Hands go up, but Glenn’s been with us long enough to know that no one who raises a hand truly has something worthwhile to say. Before her query even registers with most of us, she’s moved on.
“Oftentimes, people confuse him with Poseidon, but, gee-whiz, this is his Roman equivalent Neptune. Interestingly enough, if you throw one coin over your right shoulder, you’ll come back to Rome,” she says. “Two coins mean you’ll be–”
“What about three coins, Glenn? What about three coins!”
Glenn smirks ruefully at the village idiot Melissa. “Well, three means you’ll eventually divorce, hun.” Her tone is apathetically unwavering. I’m convinced she’d be unmoved if Alfredo ran Melissa over. Multiple times.
“Jenny, like can you believe it? I’m, um, going to get divorced!” And she couldn’t be happier about it.
Her last remaining friend rolls her eyes. “That’s great, Mel, just…great.” A redhead, Jenny has all the Italians giving her the look; it’s the same look she gets at the parties. I can still see her doing lines off one of the Dunlap kids’ dicks, and all those snobs snickering, waiting for their turn. Everyone really does have a secret at Balaam, I think.

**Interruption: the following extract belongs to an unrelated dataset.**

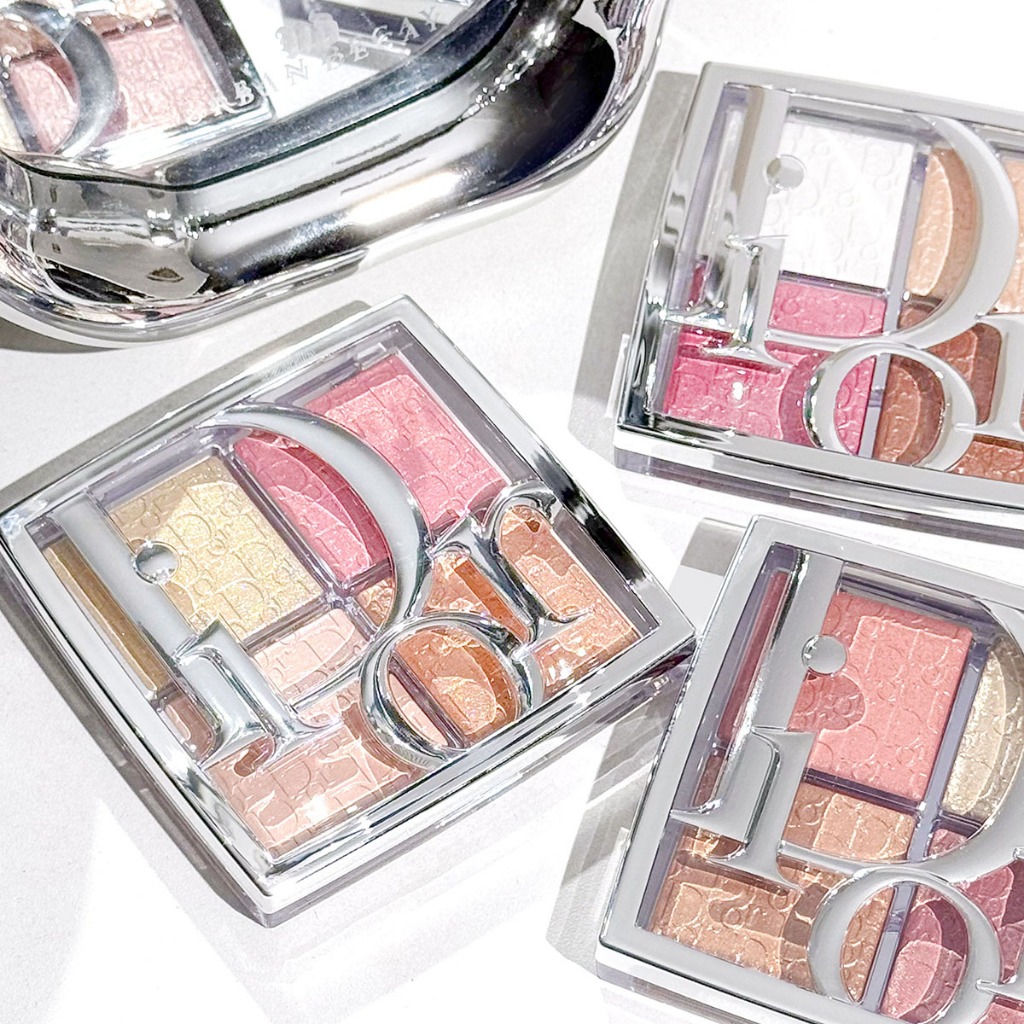 จัดส่งรวดเร็ว 🍄 ของแท้💯 DIOR BACKSTAGE Glow Face Palette #001 #002 #003 #004 universal ความละมุน ความเนียนกริบ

“I hate to be rude,” Lilly whispers, “but who would ever marry her?”
“Tommy,” I say almost instantaneously.
He gives my aching shoulder a teasing shot. “Funny, man, real funny.”
“Like, that’s not funny,” Candace croaks, unable to comprehend the joke.
“Mr. Brown. Over here. You too, Mr. Callahan.”
“Man, is she serious, man?”
Ant squeezes my elbow. She doesn’t see Lilly whispering something to Marie that Candace is trying to hear over her shoulder, but I do. The gossip is already raging about us.
Ms. Benevo’s shadow towers over me and Tommy; her perfume is almost as suffocating as she is. I remember seeing her last night. I wonder how long she stayed in our room.
She takes off her sunglasses and crouches, bringing herself down to our level. “Did you boys have fun last night?”
Tommy’s eyes dart to her v-cut sweatshirt and her tasteless cleavage, then to me.
I pull my hat down low. “Excuse me, Ms. Benevo?”
“At the club, Mr. Brown. That’s where you were, wasn’t it?” Her tone is very matter-of-fact. “That’s why you and Mr. Callahan look the way you do, isn’t it? You got into a fight. At the club.”
“Like we told Mrs. Weary, we fell down the stairs.”
“Is that right?” she sneers.
“It is,” I sneer back, ready to start a conversation about her nocturnal activities if she wants to keep this going.
Ms. Benevo glances at us reproachfully. Tommy smiles at her, still missing that tooth in the front.
“Let’s just see what Fr. Bagnani thinks about all of this,” she says, grabbing my hand that’s as raw as red cabbage, but I jerk back instinctively, pulling away with such force I almost hit Tommy who’s caught in the middle not sure what to do.
“Touch me again and I’ll bite your goddamn nose off!” I swear to her, disregarding the consequences. She’s not going to make an example out of me; I won’t give her that satisfaction.
Now, Glenn’s stopped talking and Becky’s stopped drawing and Mrs. Weary’s stopped twirling her finger around her hair. Everyone is watching us – some in revelry, others in remonstrance depending on whose side they’re on – waiting to see what’s going to happen next.